The Chancellor's Autumn Statement set out the Government's analysis of our current economic situation, and its fiscal plans for the next six months. I was delighted to have the opportunity to deliver the Government's closing remarks on Wednesday, wrapping up the day's discussion and reiterating the Government's commitment to economic growth, long-term debt reduction, and fiscal prudence.
So where are we now? In January 2023 the Prime Minister set out three economic priorities: to halve inflation, grow the economy and reduce debt. Consumer Prices Index (CPI) inflation has now more than halved from a peak of over 11% last autumn to 4.6% in October 2023. The economy has recovered from the pandemic more quickly than first thought, grown more than expected this year, and is forecast to grow in every year of the forecast period. Underlying debt is forecast to fall as a proportion of GDP from 2027-28 and the government has greater headroom against its fiscal rules than at Spring Budget 2023.
This is all very well - but what steps is the Government taking to make our economy even stronger, and deliver materially for the British people?
The policy that caught the most attention was the Chancellor's cut to National Insurance.

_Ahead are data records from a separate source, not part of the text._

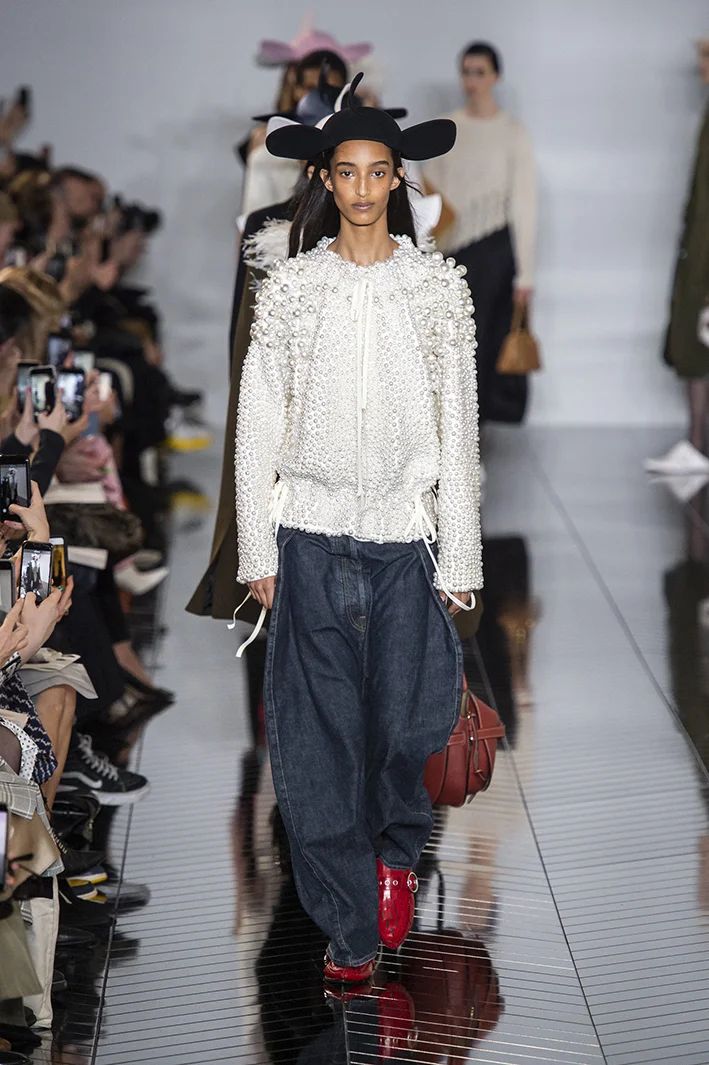 loewe-rf19-5258.jpg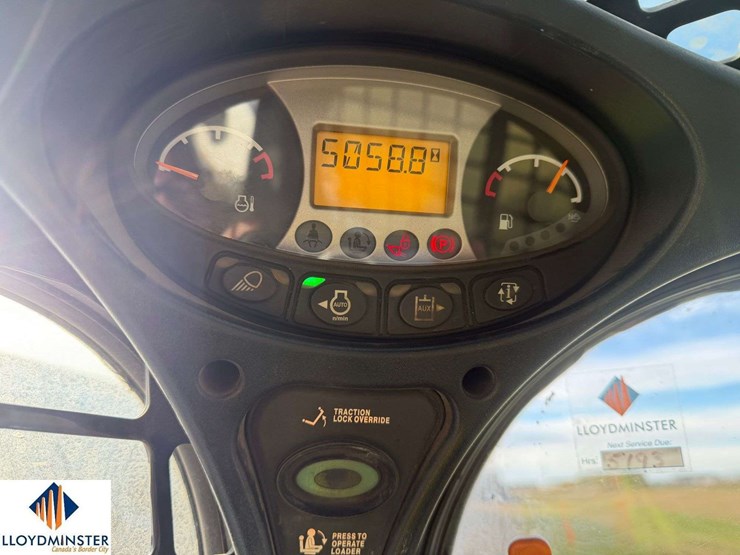 2015-bobcat-s570-image-17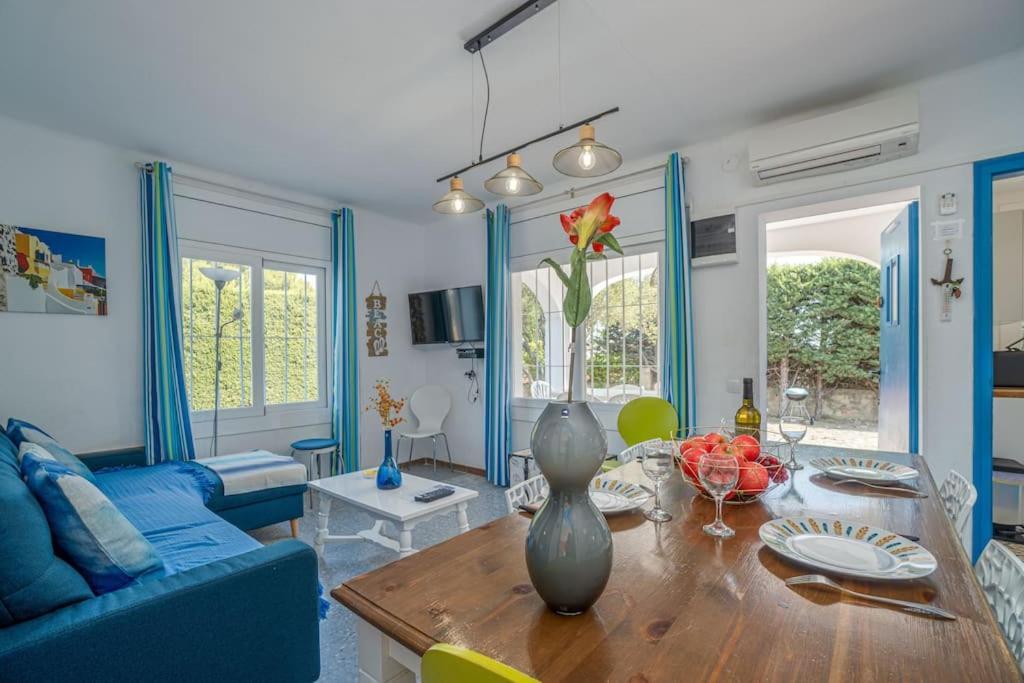 Mb1-House With Big Garden ,Swimming-Pool, & Barbacue In Roses Villa Eksteriør bilde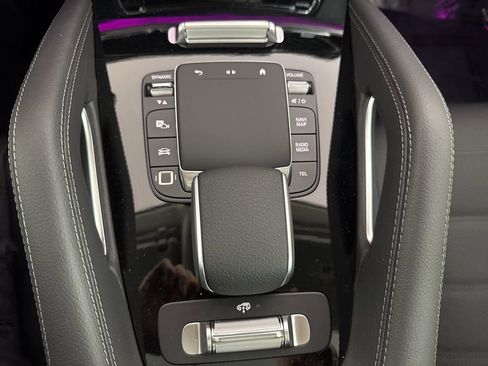 New 2026 Mercedes-Benz GLS 580 4MATIC image 32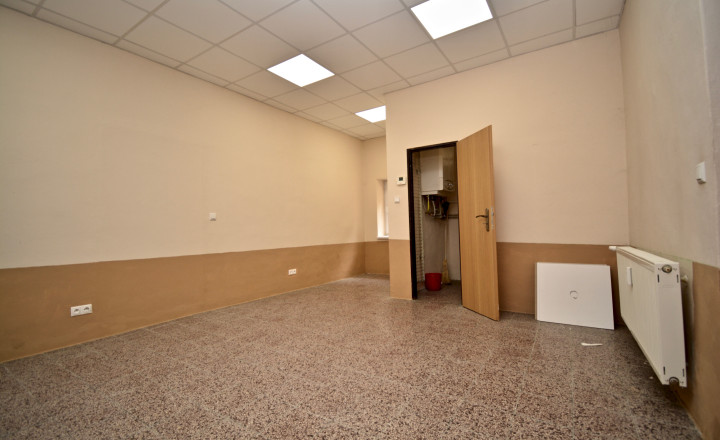 Predaj komerčnej nehnuteľnosti v centre mesta Lučenec - fotografia 6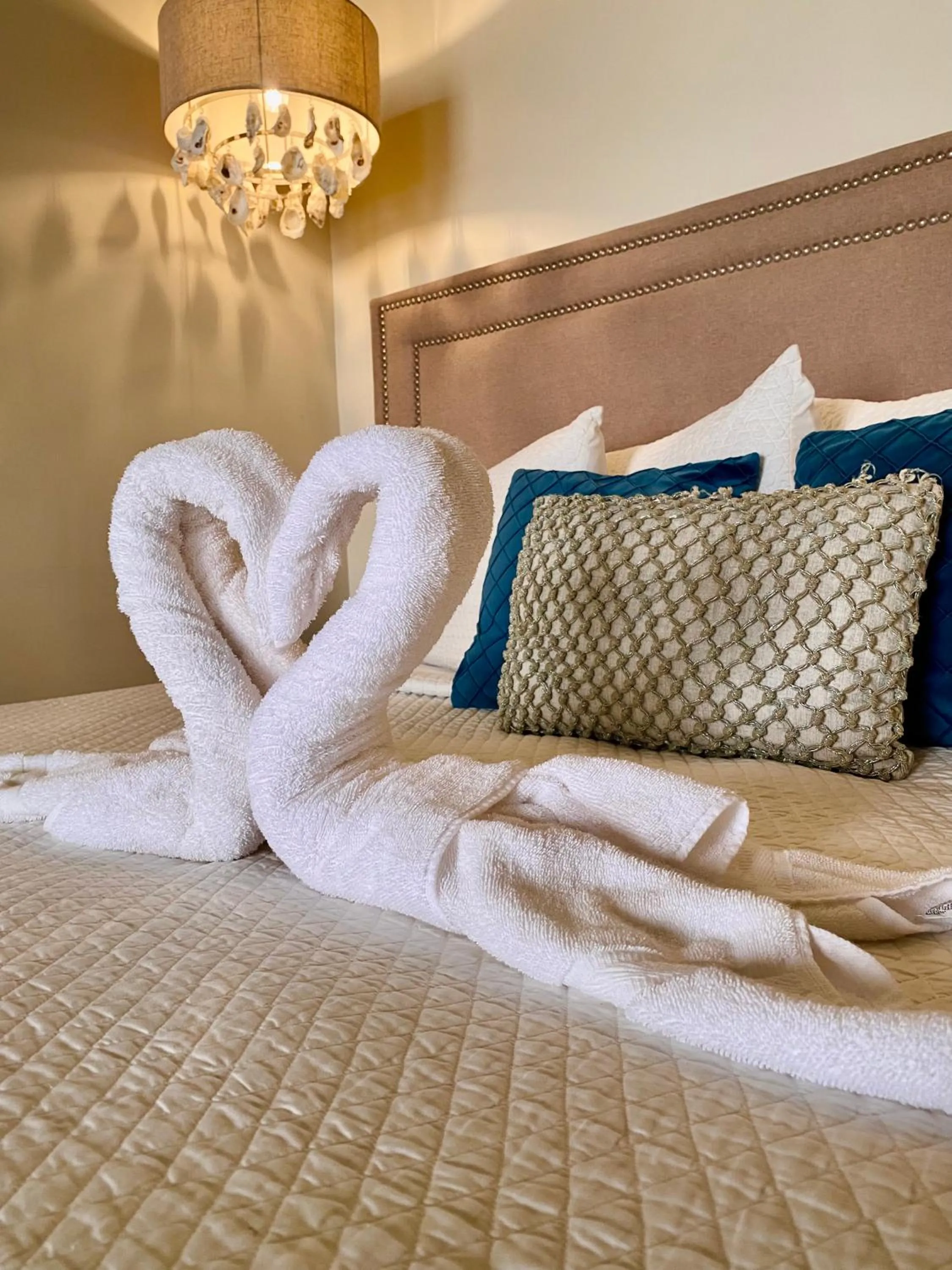 Bed in Vista Las Olas Resort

NI contributions will be cut from 12% to 10% from 6 January, which will save £450 a year for someone on the average salary of £35,000. That's more money in your pocket, as a direct result of this Autumn Statement.
We're also increasing the National Living Wage, across the board - for over-21s, it will rise to £11.44 an hour. This is alongside an 6.7% increase in universal credit payments - next year, 5.5 million households will see an extra £470 as a result of these changes.
And these are just the policies that grabbed headlines - we've also frozen alcohol duty, improved the Local Housing Allowance for private renters, continued to increase the state pension under the terms of the triple lock, and continued the implementation of our ambitious post-Brexit reforms to financial services. As part of my brief, I'll be implementing the Government's new Mansion House reforms, which will enable pension funds to invest in more diverse portfolios - that means helping the money that you put away for retirement to go further, while ensuring that we don't have to raise taxes on working people to fund the state pensions.
I am proud to support this Autumn Statement, and to be part of the Treasury team charged with implementing its long-term commitments. I have every faith that the Chancellor's vision for the British economy is shared by the vast majority of people in our community - I am equally sure that my work at the Treasury will allow me to continue delivering for the people of Hitchin, Harpenden and the villages.